L'histoire :
Janvier 2009, Tananarive. Une passe d’armes entre deux politiciens secoue la capitale Malgache. Ravalomanana, le président actuel de l’île rouge, est contesté par le maire de Tanarive, Rajoelina, qui brigue sa place. Les tensions sont palpables dans les rues de la plus grande ville du pays et une étincelle pourrait mettre le feu aux poudres. Au milieu de ce marasme, Nina, une jeune malgache retrouve des amies pour boire un café. Fiancée à un homme carriériste qui pense avant tout à son « business », la jeune femme se sent délaissée. De l’autre côté de la ville, Loom et son groupe Vain répètent pour l’évènement qui va faire bondir leur carrière de rock star, la première partie d’un groupe international. La chance de leurs vies. Alors que les amies de Nina viennent de partir, la laissant seule dans le troquet, le rassemblement des soutiens à Rajoelina, sur la place du 13 mai, dérape. Survoltée par le discours du magistrat, la foule est hors de contrôle. Une émeute éclate et les pillages commencent. Les casseurs lancent des cocktails Molotov sur les façades des boutiques afin de semer le chaos. Les habitants fuient le centre-ville, mais certains sont coincées dans les échoppes en flamme. Nina a juste le temps de se mettre au sol, avant qu’un engin incendiaire ne vienne frapper le café. Alors que les clients et le tenancier s’enfuient en laissant la jeune femme au sol, un objet lourd s’abat sur elle et lui coince la jambe. Évitant de faire du bruit pour éviter de prévenir les émeutiers de sa présence, les flammes gagnent du terrain. La porte s’ouvre dans un fracas assourdissant et Loom apparait devant la jeune femme…
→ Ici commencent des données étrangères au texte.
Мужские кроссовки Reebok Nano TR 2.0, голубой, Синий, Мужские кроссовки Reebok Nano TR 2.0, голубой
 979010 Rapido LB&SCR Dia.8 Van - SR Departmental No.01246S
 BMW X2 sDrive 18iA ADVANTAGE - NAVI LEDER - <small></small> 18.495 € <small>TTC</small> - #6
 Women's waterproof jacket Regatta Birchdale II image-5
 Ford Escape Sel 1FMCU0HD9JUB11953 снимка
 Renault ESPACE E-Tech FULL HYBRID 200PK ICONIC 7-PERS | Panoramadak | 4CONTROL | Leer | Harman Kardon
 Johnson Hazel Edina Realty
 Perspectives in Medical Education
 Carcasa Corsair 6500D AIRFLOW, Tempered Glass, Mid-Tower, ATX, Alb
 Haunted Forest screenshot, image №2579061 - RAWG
Ce qu'on en pense sur la planète BD :
Sous couvert d’une histoire d’amour plutôt classique, Lundi noir sur l’île rouge pointe du doigt la faible stabilité politique de l’île de Madagascar. L’histoire se déroule en 2009, lors du conflit politique opposant le président du pays et le maire de la capitale. Couplé à la crise économique, ce conflit plonge le pays dans le chaos. La vie dans la capitale malgache tourne au ralenti et les émeutes, ainsi que la peur, poussent la population à s’exiler en province, obligeant ainsi les commerces à fermer. Évidement, la situation est profitable, car comme dans toute situation de crise, certains deviennent encore plus pauvres et d’autres encore plus riches. Le scénario est agréable à suivre, mais il est un peu lisse, manquant parfois de punch. Le triangle amoureux Nina, Loom et Daniel, est prévisible ; mais l’idée principale développée par les auteurs, Dwa et Pov, est intéressante et mérite réflexion. Peut-on vivre sans amour pour s’offrir une vie meilleure ? Le rêve de rock-star de Loom n’est-il pas identique au souhait de succès dans les affaires de Daniel ? Les deux hommes ne sont-ils pas faits du même bois et mettent leurs carrières au premier plan ? Nina n’est-elle pas égoïste de demander à son fiancé de mettre son business de côté pour s’occuper d’elle ? Beaucoup de thèmes sont laissés ouverts par les auteurs, et ne permettent pas de définir avec précision la psychologie des différents protagonistes. Du point de vue du dessin, le trait est plutôt simple, mais suffisamment détaillé pour transmettre les émotions des personnages. La majeure partie de l’histoire se déroule en milieu urbain, occultant complètement les paysages de l’île. De plus, on regrettera peut-être le manque de dégradé dans la colorisation, qui expose complètement les cases à la lumière, supprimant au passage les ombrages. Ainsi, la véritable force de cet album tient dans l’histoire se déroulant à Madagascar, dans un contexte géopolitique incertain et explosif.